*WHAT YOU HAVE TO DO*: Begin with the line that holds "Póster Comboio Burlington" and retype through the last line of the listing below, exactly; pictures are not part of the copy.

*DATA SHOWN*:

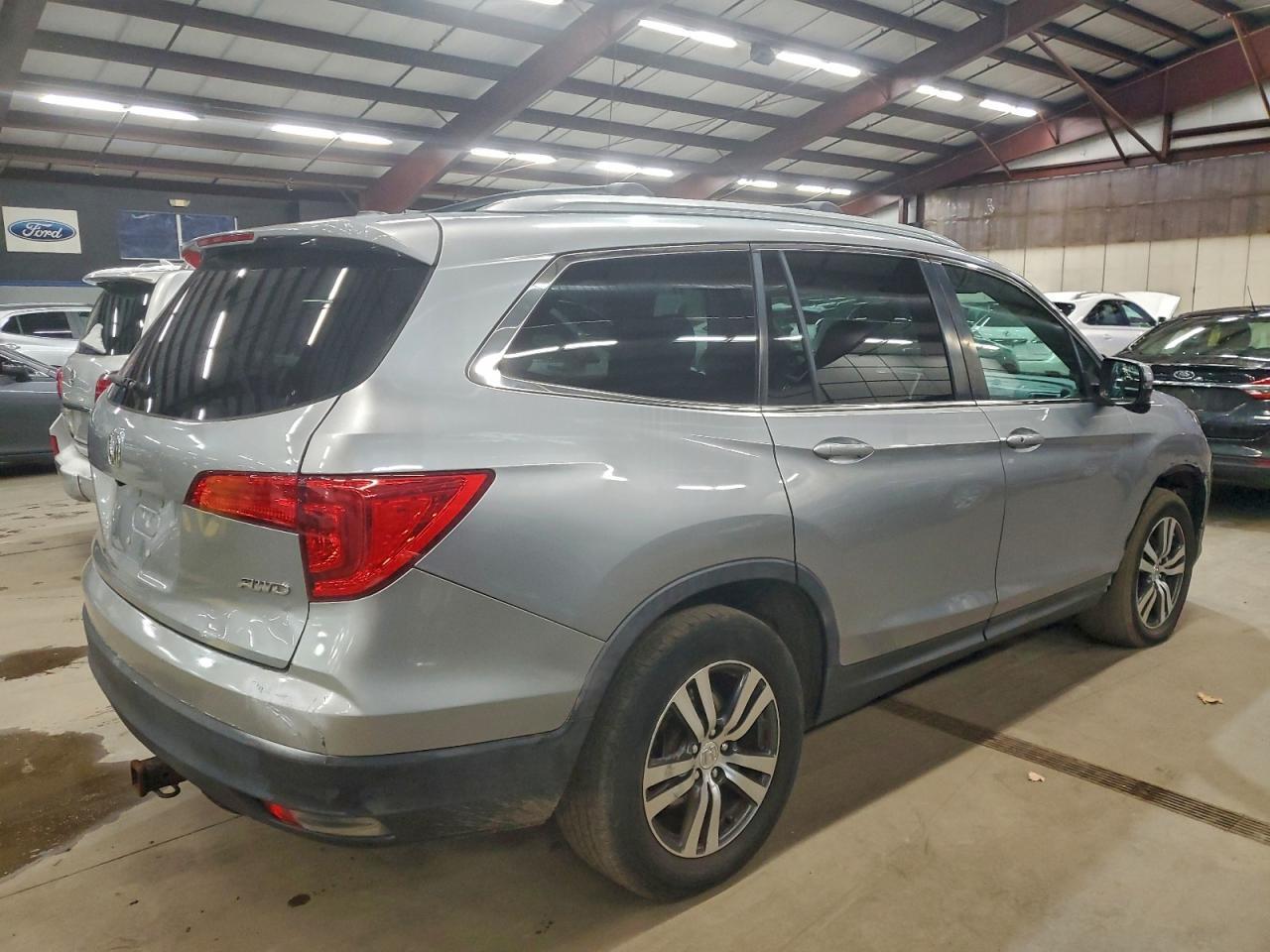2017 Honda Pilot Ex - Фото 3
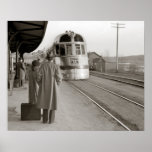 Póster Comboio Burlington Zephyr, 1940. Vintage Photo<br><div class="desc">O trem Zephyr da Burlington Railroad em uma estação. East Dubuque,  Illinois 1940.</div>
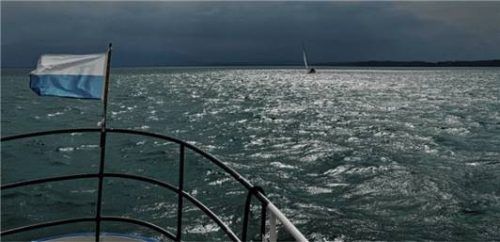 Windböen mit Geschwindigkeiten von bis zu 65 km/h jagten am Freitag über den Chiemsee. Foto Polizei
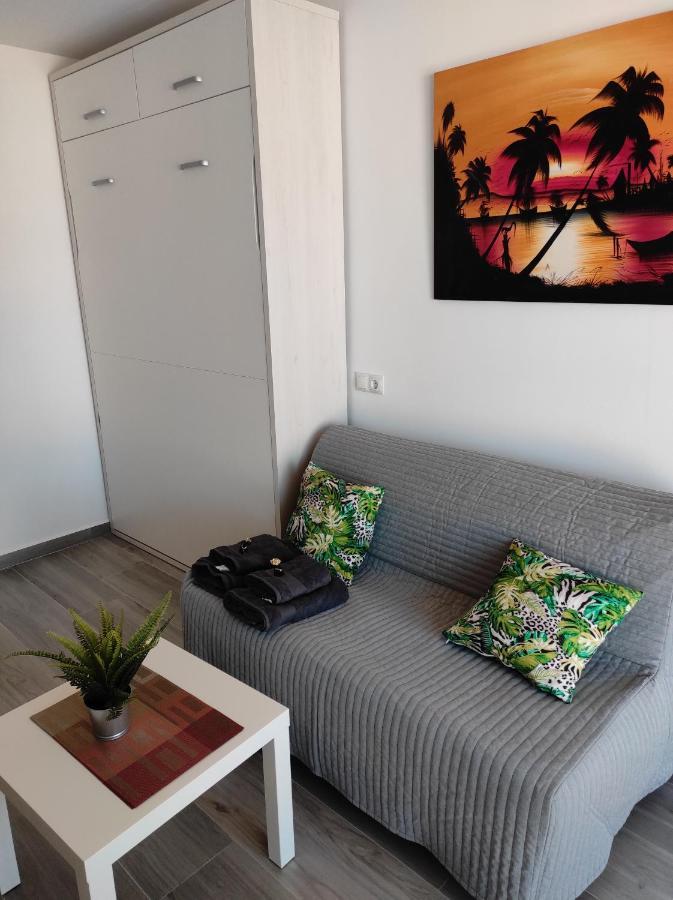 شقة Estudio Recien Reformado En Primera Linea De Playa بينالماذينا المظهر الخارجي الصورة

*TASK ANSWER*:
 Póster Comboio Burlington Zephyr, 1940. Vintage Photo<br><div class="desc">O trem Zephyr da Burlington Railroad em uma estação. East Dubuque,  Illinois 1940.</div>
 Windböen mit Geschwindigkeiten von bis zu 65 km/h jagten am Freitag über den Chiemsee. Foto Polizei
 شقة Estudio Recien Reformado En Primera Linea De Playa بينالماذينا المظهر الخارجي الصورة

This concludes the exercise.